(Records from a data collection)
::::

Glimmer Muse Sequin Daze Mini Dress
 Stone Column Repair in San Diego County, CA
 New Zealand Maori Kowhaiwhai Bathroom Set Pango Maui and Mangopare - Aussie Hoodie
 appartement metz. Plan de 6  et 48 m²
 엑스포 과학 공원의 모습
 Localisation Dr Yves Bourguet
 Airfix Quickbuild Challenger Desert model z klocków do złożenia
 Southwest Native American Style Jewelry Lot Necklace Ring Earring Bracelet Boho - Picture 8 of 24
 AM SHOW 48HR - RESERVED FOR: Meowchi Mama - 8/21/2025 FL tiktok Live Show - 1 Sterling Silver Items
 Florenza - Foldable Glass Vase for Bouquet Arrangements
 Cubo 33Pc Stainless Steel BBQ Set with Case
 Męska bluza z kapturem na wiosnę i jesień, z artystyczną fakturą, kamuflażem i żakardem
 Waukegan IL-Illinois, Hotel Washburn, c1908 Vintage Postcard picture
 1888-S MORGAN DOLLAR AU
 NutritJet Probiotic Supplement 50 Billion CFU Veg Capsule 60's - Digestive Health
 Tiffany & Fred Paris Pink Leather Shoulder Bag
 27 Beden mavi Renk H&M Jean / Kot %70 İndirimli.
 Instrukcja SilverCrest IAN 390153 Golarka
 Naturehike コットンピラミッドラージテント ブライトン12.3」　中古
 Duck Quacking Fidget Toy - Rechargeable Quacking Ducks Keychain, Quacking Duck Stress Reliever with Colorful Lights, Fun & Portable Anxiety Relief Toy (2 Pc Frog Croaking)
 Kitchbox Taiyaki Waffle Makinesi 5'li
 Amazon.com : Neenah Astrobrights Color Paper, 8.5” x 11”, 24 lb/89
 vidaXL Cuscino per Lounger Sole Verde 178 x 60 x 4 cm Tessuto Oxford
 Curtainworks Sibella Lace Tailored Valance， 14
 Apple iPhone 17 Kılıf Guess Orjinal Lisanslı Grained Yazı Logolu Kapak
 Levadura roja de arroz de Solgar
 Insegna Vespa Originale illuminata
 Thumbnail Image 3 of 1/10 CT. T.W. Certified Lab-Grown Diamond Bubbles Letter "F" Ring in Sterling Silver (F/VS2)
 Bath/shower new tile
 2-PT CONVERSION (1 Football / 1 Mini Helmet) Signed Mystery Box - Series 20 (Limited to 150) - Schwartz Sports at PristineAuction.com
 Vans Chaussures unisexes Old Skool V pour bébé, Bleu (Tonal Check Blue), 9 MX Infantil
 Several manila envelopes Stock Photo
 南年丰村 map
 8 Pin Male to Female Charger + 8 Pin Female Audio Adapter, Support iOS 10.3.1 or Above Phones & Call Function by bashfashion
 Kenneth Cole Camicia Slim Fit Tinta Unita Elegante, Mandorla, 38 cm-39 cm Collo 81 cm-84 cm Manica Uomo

::::

Nothing but the lines from the one that contains "Several manila envelopes Stock Photo" through the end of the data above should appear, each reproduced exactly.

▸ **Exercise output**:
 Several manila envelopes Stock Photo
 南年丰村 map
 8 Pin Male to Female Charger + 8 Pin Female Audio Adapter, Support iOS 10.3.1 or Above Phones & Call Function by bashfashion
 Kenneth Cole Camicia Slim Fit Tinta Unita Elegante, Mandorla, 38 cm-39 cm Collo 81 cm-84 cm Manica Uomo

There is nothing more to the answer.